Netflix's first South African TV series, Queen Sono, is full of international espionage, epic fight scenes, and complicated family drama. Starring Quantico's Pearl Thusi as the eponymous Queen Sono, Queen Sono is not based on a true story, but the mere fact that she's a female spy can be viewed as a homage to the fictional characters and real life figures who came before her.
Per Entertainment Weekly, Queen Sono is a fun and fictional James Bond-esque romp created by Kagiso Lediga, the director behind the dark romance Catching Feelings. Queen Sono tells the story of super spy Queen Sono, one of the best agents South Africa has to offer, often because she's reckless enough to always get the job done. When the man who murdered her mother is let out of jail, Queen suddenly has to juggle her past familial trauma with her present day assignments — and the balance may end up being too much for her to handle.

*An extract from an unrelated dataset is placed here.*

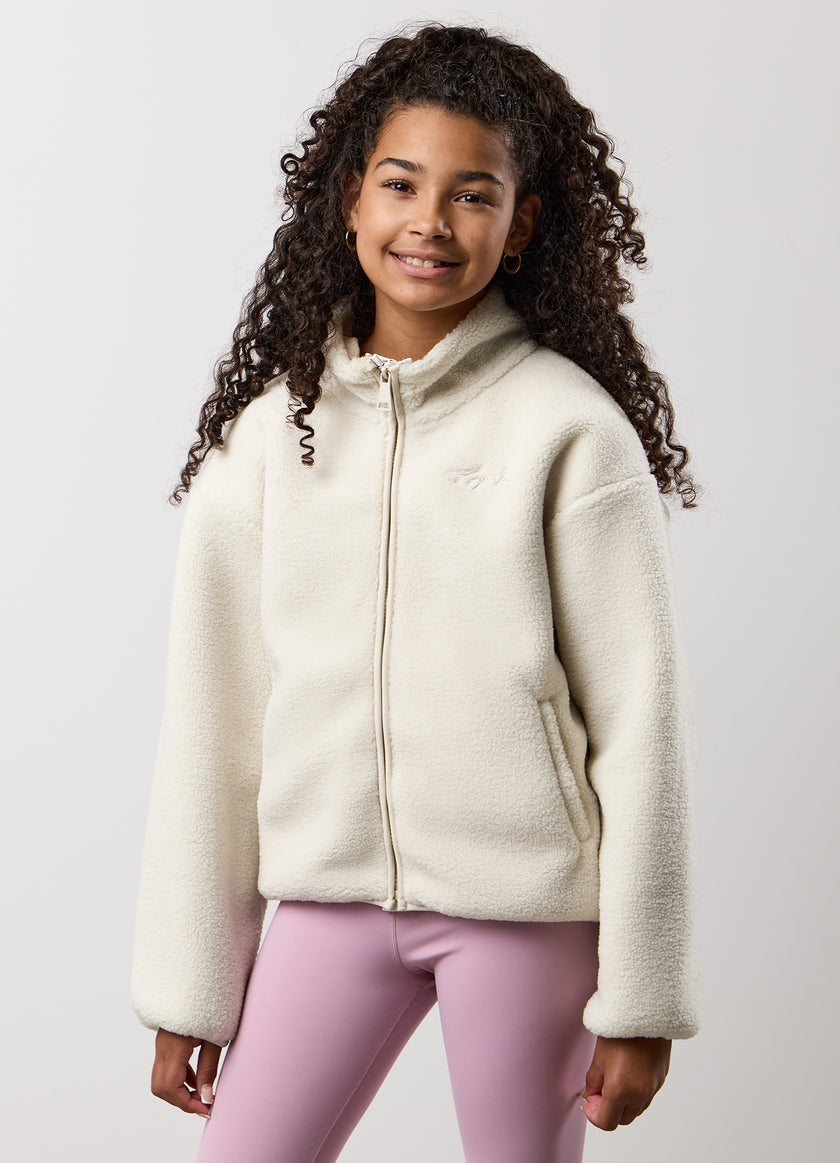 Gym King Kids Full Zip Borg Jacket - Cream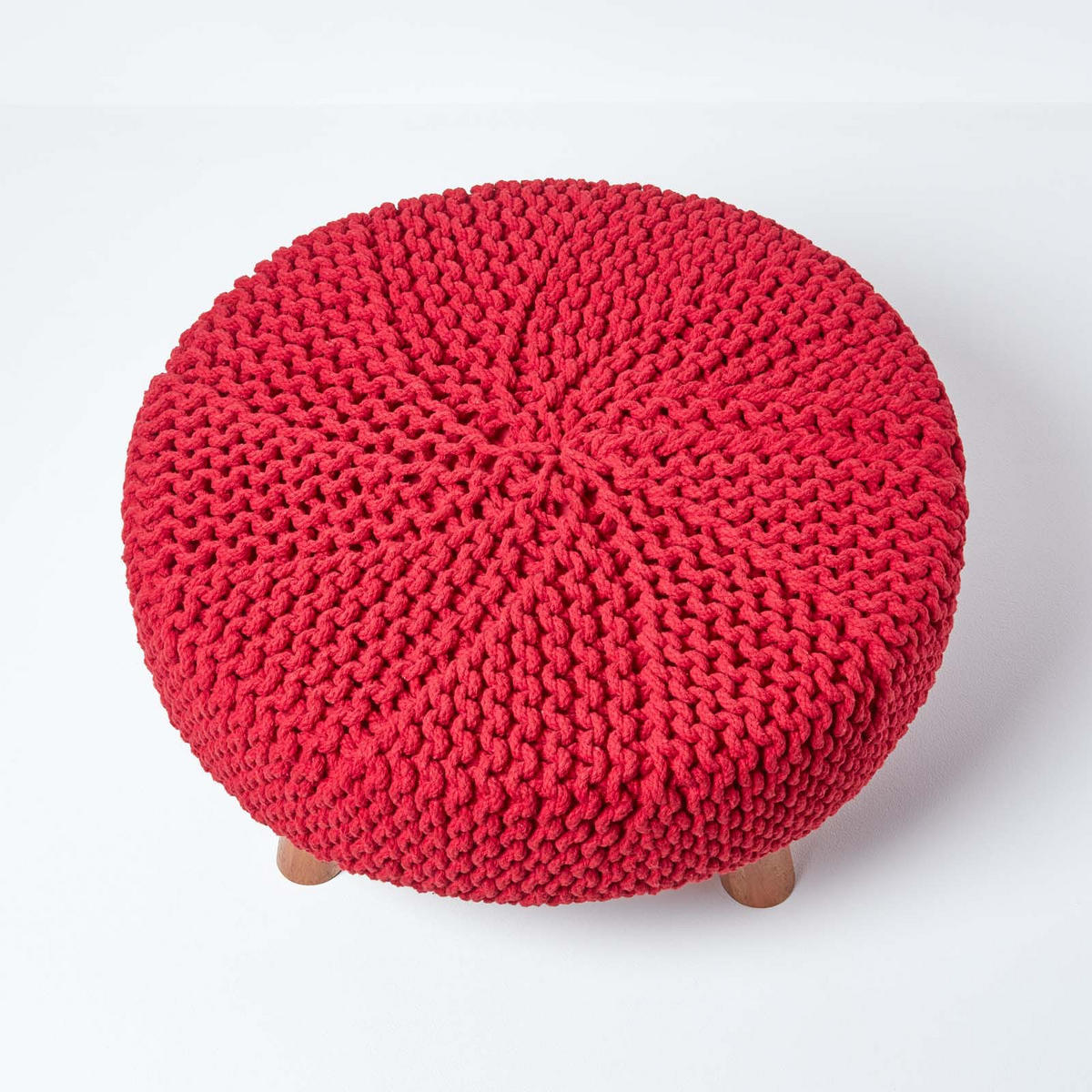 STRICK-HOCKER rot, rund 62/62/30 cm - Rot, Textil (62/30/62cm) - Homescapes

Queen Sono doesn't seem to be based on the tale of any specific African agent. Instead, it seems like Lediga and the rest of the cast and crew are just interested in making a spy show that's both fun and authentically African.
"Controlling the narrative is really important because we’re tired of seeing, particularly, just struggle stories,” Thusi explained to Entertainment Weekly. “Because of the layers and the specific window people have chosen to look through to view the African continent, the same message is being sent over and over again. It’s been entertaining, I’m sure, and beautiful sometimes to see, but it has not been very empowering for African people.”
Queen Sono follows in the tradition of numerous other portrayals of female spies, from Sydney Bristow in Alias, Elizabeth Jennings in The Americans, Susan Cooper in Spy, Alex Parrish in Quantico, and Maggie Q's Nikita.